Each line of data below is to be returned exactly, leaving out any picture.
[Start of section]
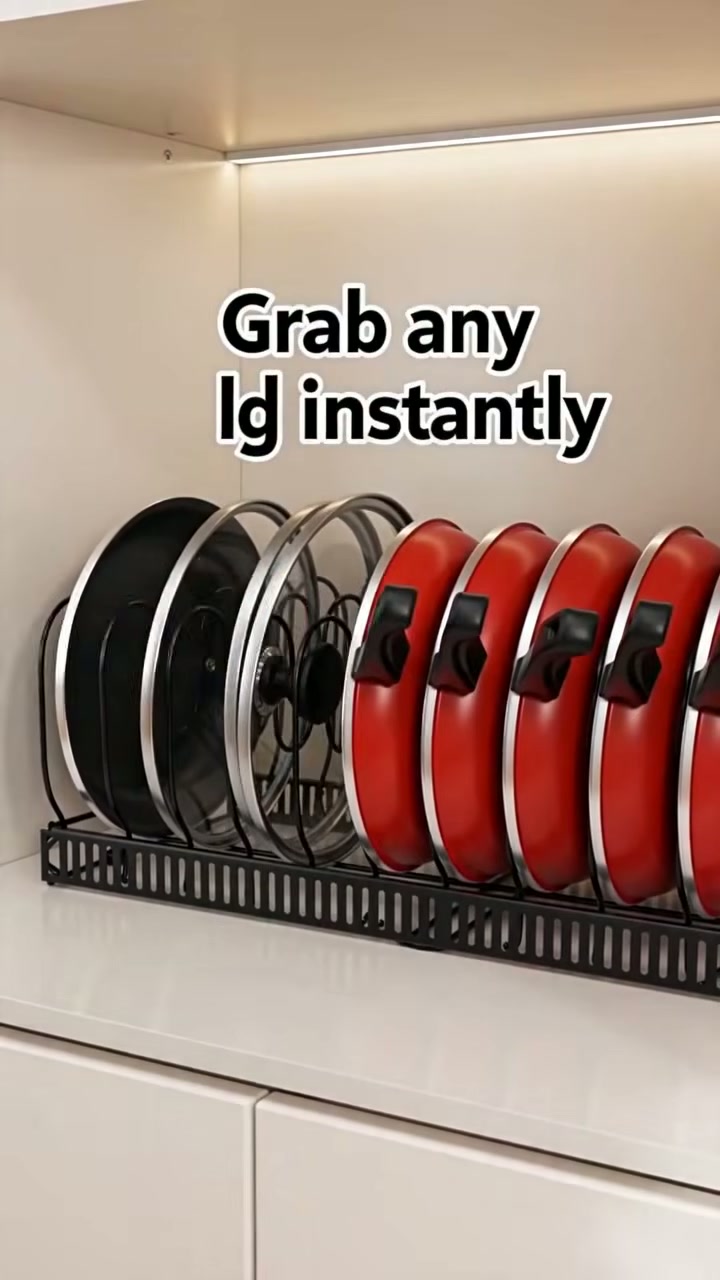 Grab any lid in one reach — nothing stacked or crashing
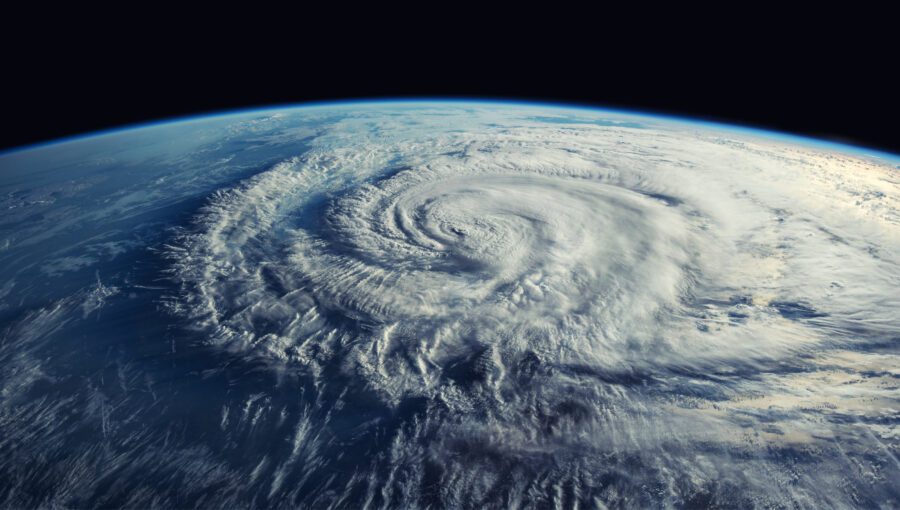 View of a typhoon from space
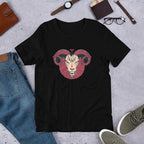 Aries Zodiac Half Sleeve T-Shirt — Black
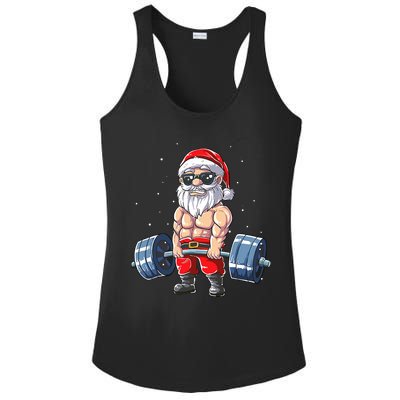 Weightlifting Santa Claus Christmas Fitness Gym Ladies PosiCharge Competitor Racerback Tank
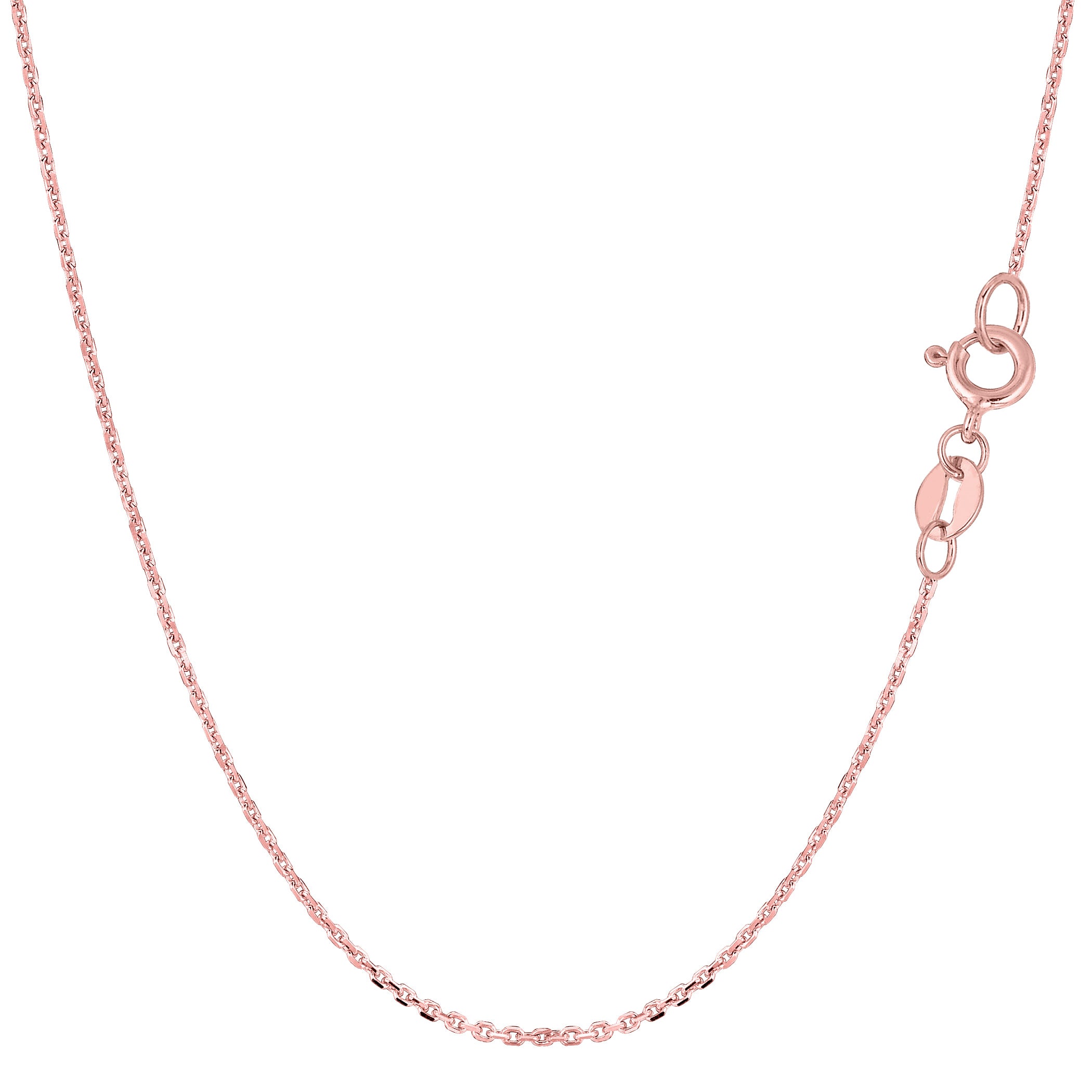 14k Rose Gold Cable Link Chain Halsband, 1,1 mm fina designersmycken för män och kvinnor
[End of section]
Exercise output —
 Grab any lid in one reach — nothing stacked or crashing
 View of a typhoon from space
 Aries Zodiac Half Sleeve T-Shirt — Black
 Weightlifting Santa Claus Christmas Fitness Gym Ladies PosiCharge Competitor Racerback Tank
 14k Rose Gold Cable Link Chain Halsband, 1,1 mm fina designersmycken för män och kvinnor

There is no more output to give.